Thereafter, the second supplemental affidavit of Bruce O. Baumgartner was submitted, dated October 24, 1996. Lyons has objected to every cost set out in what now constitutes the bill of costs, except item (1), $120 “Filing fees”; item (3)a “Service of Subpoenas/Per Diem and Mileage” in the amount of $710 and item (4)b and c “Exhibits” $896.60 and “Depositions” $1,444.
The objection to the court reporter fees for depositions is that “Many of the depositions were taken by Ganz merely for discovery, rather than being necessarily obtained for use in the case.” Opposition to Ganz’s Amended Application ..., served November 5, 1996. I do not find that to be the ease. Originals and one copy were necessarily and appropriately received as stated in the bill of costs.
The travel expenses over 100 miles has to do with seven witnesses transported from Canada to Dallas for trial. Those ex*178penses were necessarily and reasonably incurred.
In Coats v. Penrod Drilling Corp., 5 F.3d 877 (5th Cir.1993), the court approved the district court’s denial of an amount for “blow-ups” used at trial, saying “These expenses are not included in § 1920 and therefore are not recoverable.” Id. 891. The expenses for blow-ups in the amount of $3,166.32 will be disallowed.
Accordingly, the amount of eosts allowable under 28 U.S.C. § 1920 is $28,259.62.
Lyons also asks that Ganz be required immediately to pay Lyons the sum of $11,-502.77 for the expense and attorney’s fee related to the taking of the video trial deposition of Sam Ganz. My oral order was that Ganz would be permitted to take the video deposition of Sam Ganz for use at the trial, but that Ganz was to be responsible for Lyons’ expenses in the making of a special trip to Toronto for that deposition, including its actual attorneys’ fees, except those incurred during the actual examination.

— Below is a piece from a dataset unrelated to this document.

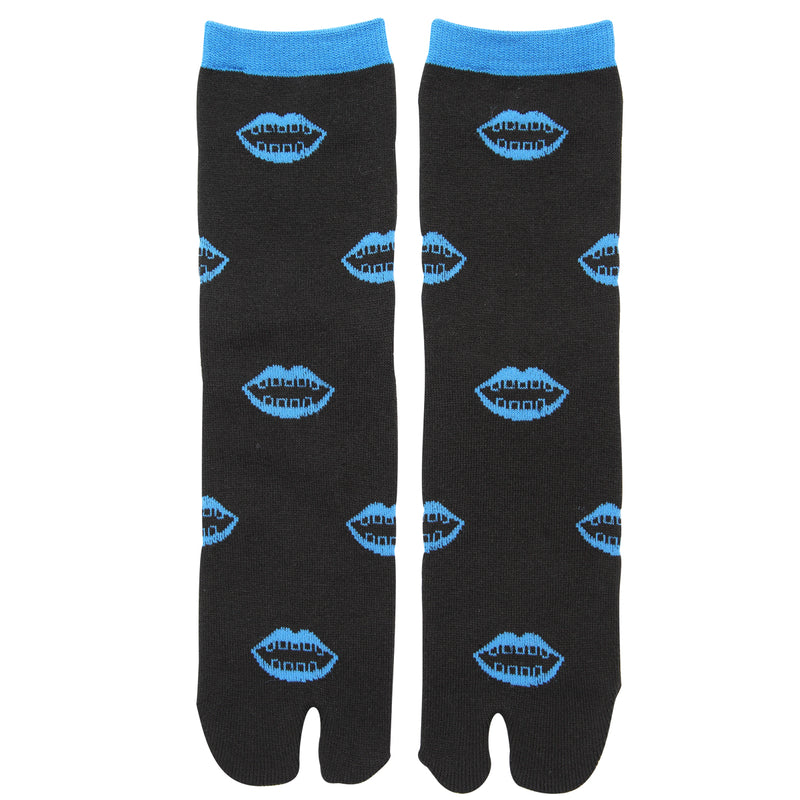 Tabi Socks／Ohaguro kozo blackened teeth ghost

It is also true that on inquiry by counsel for Ganz I said that Ganz could not have taxed as costs the expense of that Ganz video deposition. I cannot be certain that the bill of costs does not include the cost of that video deposition of Sam Ganz. If it does, it should not, and counsel are directed to inform me promptly if it is so included, whereupon it will be disallowed.
The defendant is entitled to payment of its expenses, including attorney’s, fees except those incurred during the actual taking of the deposition (because that time and energy would have been spent if the plaintiffs examination had been done by way of cross-examination at the taking of the first Ganz deposition) in making the trip to Toronto for the plaintiffs taking of Sam Ganz’ deposition. But the defendant must first deliver to the plaintiff an itemized statement of the attorney’s fee request and expenses of the trip.
IT IS ORDERED that:
1. the memorandum and order on motion of Ganz for recovery of attorney’s fees and expenses, dated October 8,1996, is withdrawn, insofar as it says that Lyons’ objection to an award of attorney’s fees to a limited partnership is not well taken;
2. Lyons’ request for reconsideration in part of order on motion of Ganz for recovery of attorney’s fees and expenses, dated November 5, 1996, is granted;
3. when a judgment is entered for the plaintiff, it shall not include any allowance for an attorney’s fee;
4. when a judgment is entered for the plaintiff, it shall include costs in the amount of $28, 259.62, subject to change if the plaintiffs expenses in taking the deposition of Sam Ganz in Toronto is included in the bill of costs; the plaintiffs counsel shall inform the court and the defendant within 7 days of the fact in that regard; and
5. Lyons’ request for order on costs against Ganz, dated November 5,1996, is reserved, pending presentation to the plaintiff of an itemization of the attorney’s fée request and expenses of the Toronto trip.